Well, good morning BP,
I have been gathering more information on this property and figured I would keep this discussion rolling. I appreciate everyone who has commented so far. Your wisdom is keeping me grounded.
First, we had two separate listing agents (that we knew) run through the property so we could get an idea of what the market would handle price-wise for this property. The listing prices both came in around $195,000. This is due to a foundation problem that needs to get fixed. We have had 3 contractors come and bid on that job and it is around $15,000. This fix alone would bump the value to in the $230,000 range (again this is from the listing agents so I'm taking it as a grain of salt).
Finally, after reviewing the financials of the property over the last year it is cash-flowing at just over $100/mo. This includes PITI, vacancy over the last year (and on average for that area of the city which is currently at 4% so I used 8%) Maintenance costs have generally been pretty low but it is an old house and is obviously starting to have issues arise.
After working my own numbers on the property as it currently sits its yielding a Cap Rate of 5.2% generating an NOI of around $11,700/yr.
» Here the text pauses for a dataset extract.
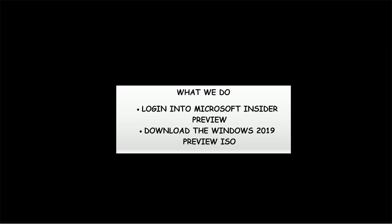Hi, in this video we will show you the steps to download the Windows 2019 Preview from the Microsoft website.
Now, here is where I see improvement and some of my concerns:
- After surveying rents in the area I have found that current rent of $1950 is $250 low and they haven't been raised because of the relationship of the tenants to the landlord (not a business decision).
- Taxes haven't been reassessed on the property in 7 years and have only steadily increased even though the property, in its current condition, has decreased.
- Insurance price was not shopped around for and hasn't been re-evaluated in 7 years.
- Certain expense costs are being paid by the landlord and not passed to the tenants which is cutting into the cash flow.
- no updates have been done to the property to increase value in the last 7 years.
- mortgage is 7 years old and if refinanced would allow for a lower interest rate and lower payments.
Now, if you are still hanging in there with me... I am obviously apprehensive about acquiring a property that needs a new foundation unless I'm getting a real great deal. He has mentioned selling the property for what he currently owes (about $175,000) on a Sub to with no money out of my pocket if am willing to take care of the repairs.
At this point my next logical step will be to have an inspector go through and assess the rest of the property for other maintenance items. I can see the immediate value in the equity I could force and the improvements to cash flow potential. Downside is the maintenance stuff and can of worms I could potentially be opening.
If anyone is still with me and has the time I would appreciate the feedback to my research so far. Thank you all in advance!